Cache Poisoning in Sails with Basic Auth
Cache Poisoning in Sails with Basic Auth — how this specific combination creates or exposes the vulnerability
Cache poisoning occurs when an attacker causes a cache to store malicious content, leading other users to receive attacker-controlled responses. In Sails with Basic Auth, this risk arises when caching logic does not consider authentication credentials as part of the cache key. Sails applications often use HTTP-level caches or reverse proxies that cache responses based on the request URL. If a route protected by Basic Auth returns sensitive data based on Authorization headers but the cache ignores those headers, a cached response meant for one user can be served to others.
Consider a Sails controller that returns user-specific data:
module.exports = {
friendlyName: 'Get user profile',
fn: async function (req, res) {
const user = await User.findOne(req.user.id);
return res.ok(user);
},
};
If this endpoint is cached at the proxy layer without incorporating the Authorization header, User A’s profile could be cached and later served to User B who sends a different Authorization header. Because Basic Auth encodes credentials in each request, the cache may treat each Authorization header as a distinct request, yet misconfigured shared caches might normalize requests and overlook the header, causing credential confusion and data leakage.
Additionally, if the Sails app exposes endpoints that include nonces or predictable identifiers in URLs while using Basic Auth, an attacker might leverage those identifiers to poison the cache. For example, a report endpoint that embeds a user ID in the path but does not factor the Authorization header into cache segregation can become a vector for serving one user’s sensitive data to another user who happens to request the same path.
In the context of middleBrick’s 12 security checks, such misconfigurations are surfaced under BOLA/IDOR and Data Exposure categories. The scanner tests whether cached responses vary correctly with authentication context and flags endpoints where the cache does not respect Authorization headers. This is particularly important for Basic Auth, where credentials are always present in headers, making it essential to ensure caching respects those headers to avoid cross-user data exposure.

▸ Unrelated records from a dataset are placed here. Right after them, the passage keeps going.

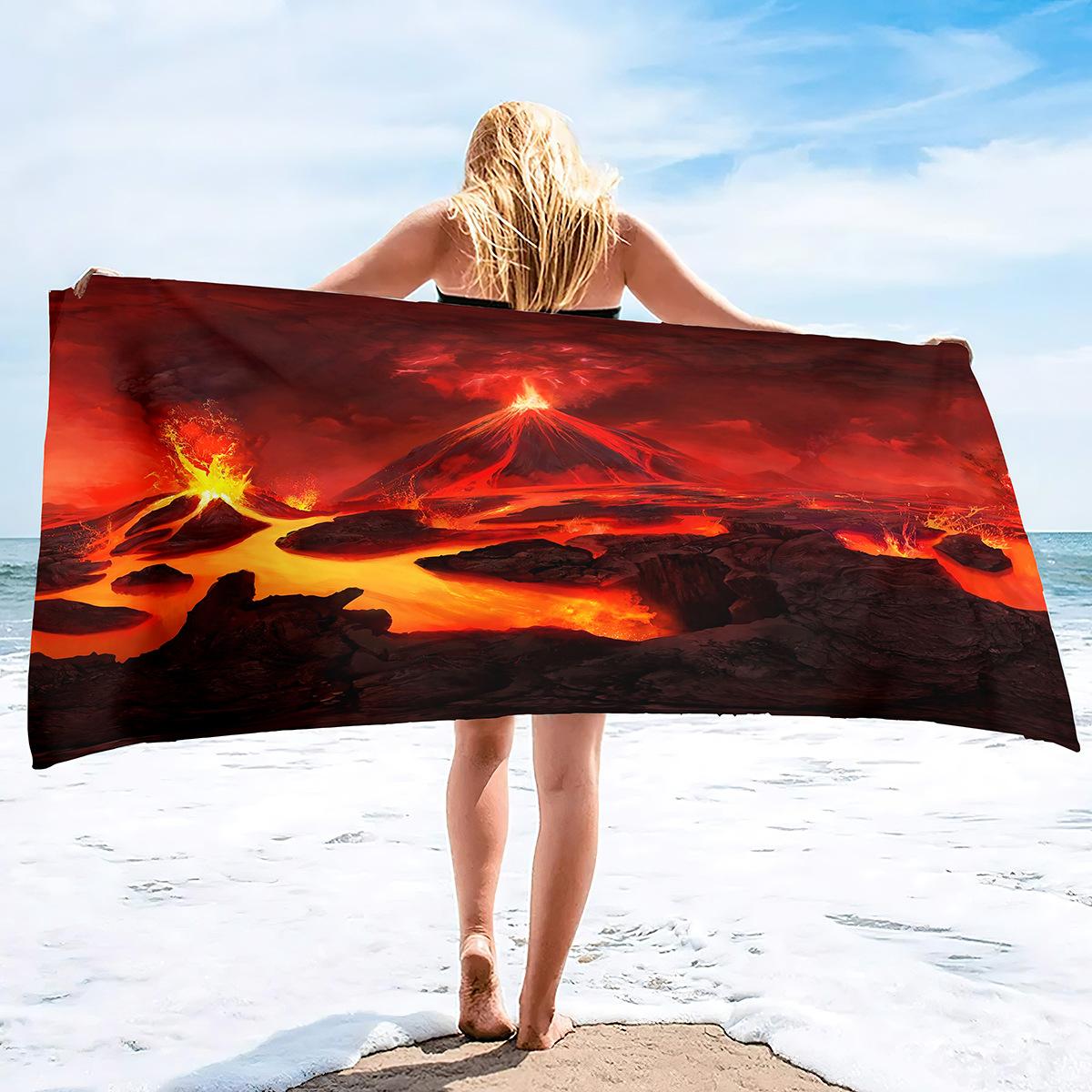 Volcano Print Series Seaside Vacation Beach Towel Swimming Bath Towel Sports Towel For more sizes, contact customer service. red Great product for outdoor use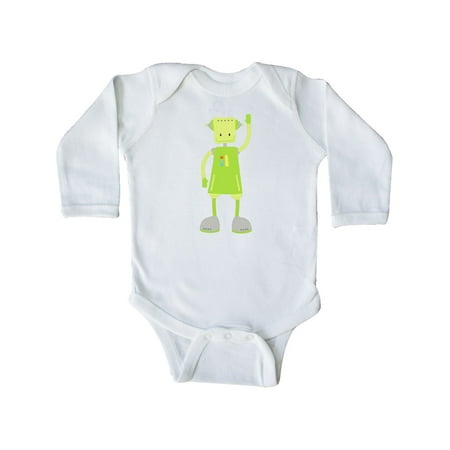 

Inktastic Cute Robot Smiling Robot Green Robot Gift Baby Boy or Baby Girl Long Sleeve Bodysuit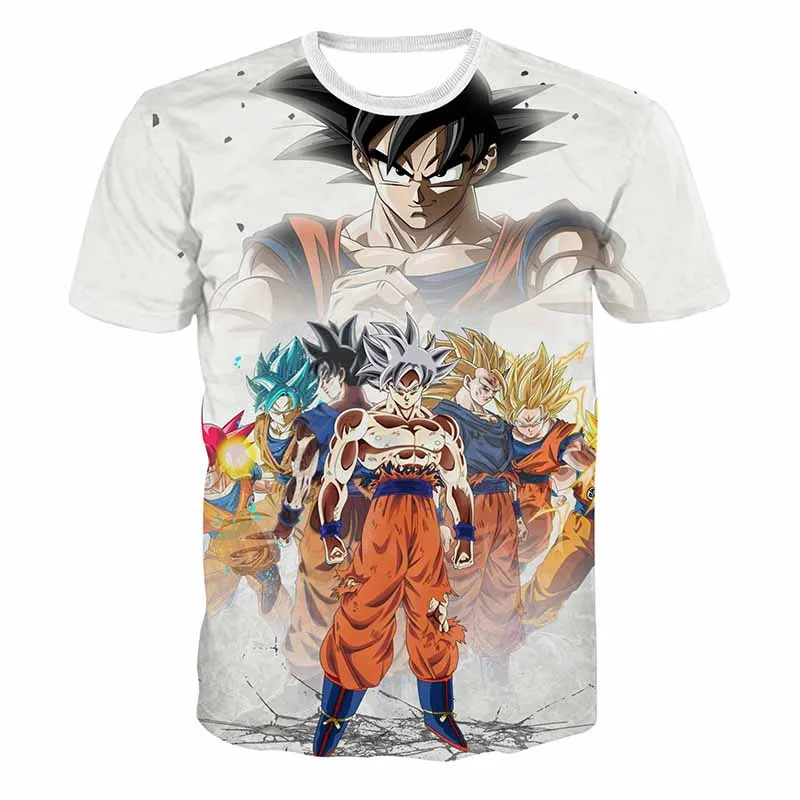 Dragon Ball Z Футболка мужская летняя 3D печать Супер Saiyan Son Goku God Black Zamasu Vegeta Драконий жемчуг футболки повседневные топы футболки - Цвет: 10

Basic Auth-Specific Remediation in Sails — concrete code fixes
To mitigate cache poisoning when using Basic Auth in Sails, ensure that authentication credentials are factored into cache keys and that responses are not cached across different users. Below are concrete remediation examples.

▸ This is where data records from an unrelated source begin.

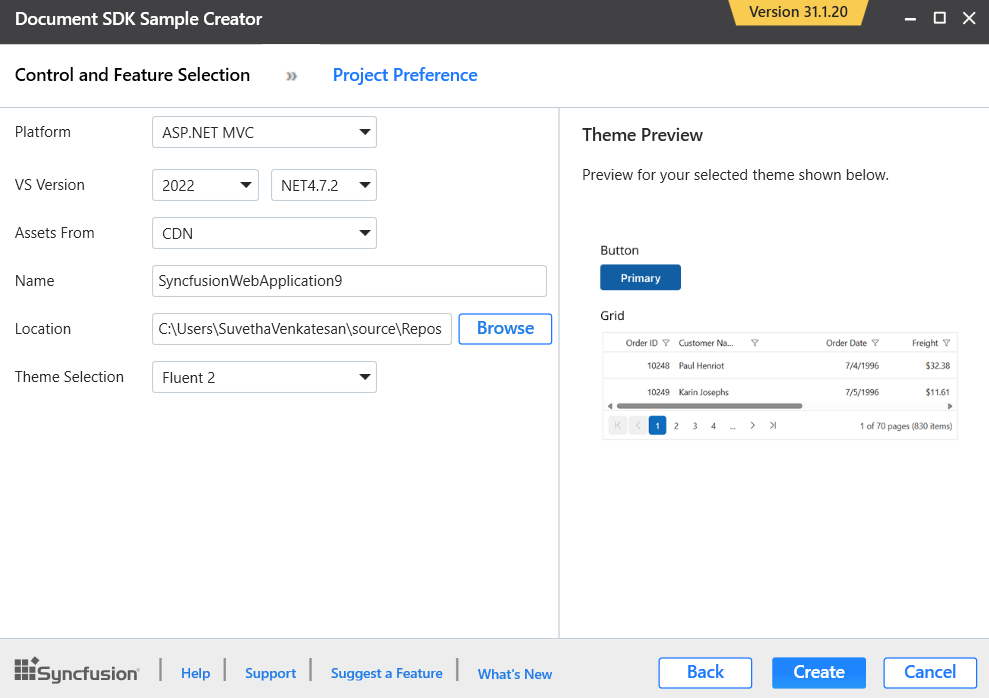 Syncfusion Document SDK Sample Creator project configuration section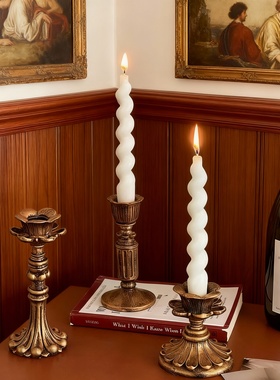 复古欧式合金雕花烛台摆件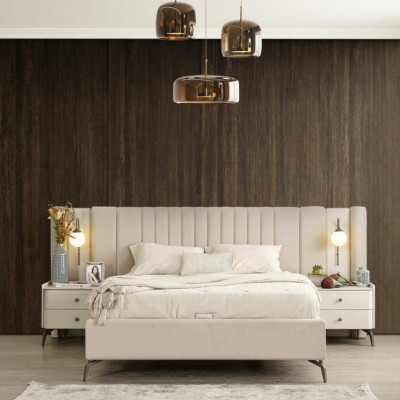 Luxe slaapkamer bed en 2x nachtkastjes 3-delige set ontwerp meubels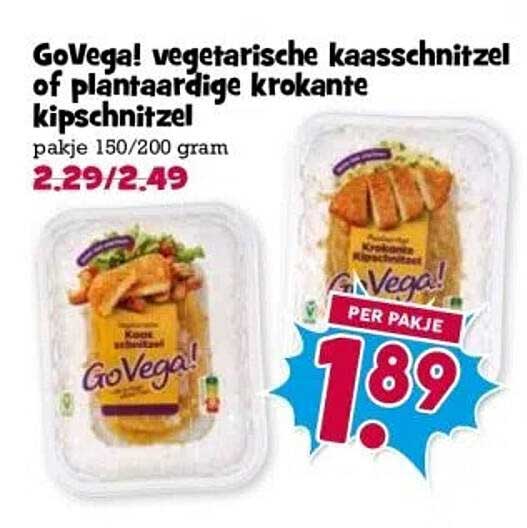 GoVega! vegetarische kaasschnitzel of plantaardige krokante kipschnitzel
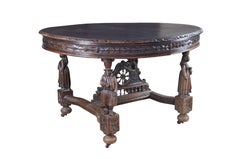 Antique French Breton Brittany Maritime Figural Carved Chestnut Dining Table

1. Disable caching for authenticated endpoints
Configure HTTP responses to prevent caching when Basic Auth is used. This ensures each request is processed independently and no sensitive data is stored in shared caches.
module.exports = {
friendlyName: 'Get secure profile',
fn: async function (req, res) {
// Ensure no caching of authenticated responses
res.set({
'Cache-Control': 'no-store, no-cache, must-revalidate, private',
'Pragma': 'no-cache',
'Expires': '0',
});
const user = await User.findOne(req.user.id);
return res.ok(user);
},
};
2. Include credentials in cache key at the proxy or application level
If you must cache authenticated responses, incorporate the Authorization header into the cache key. This prevents one user’s cached response from being served to another user.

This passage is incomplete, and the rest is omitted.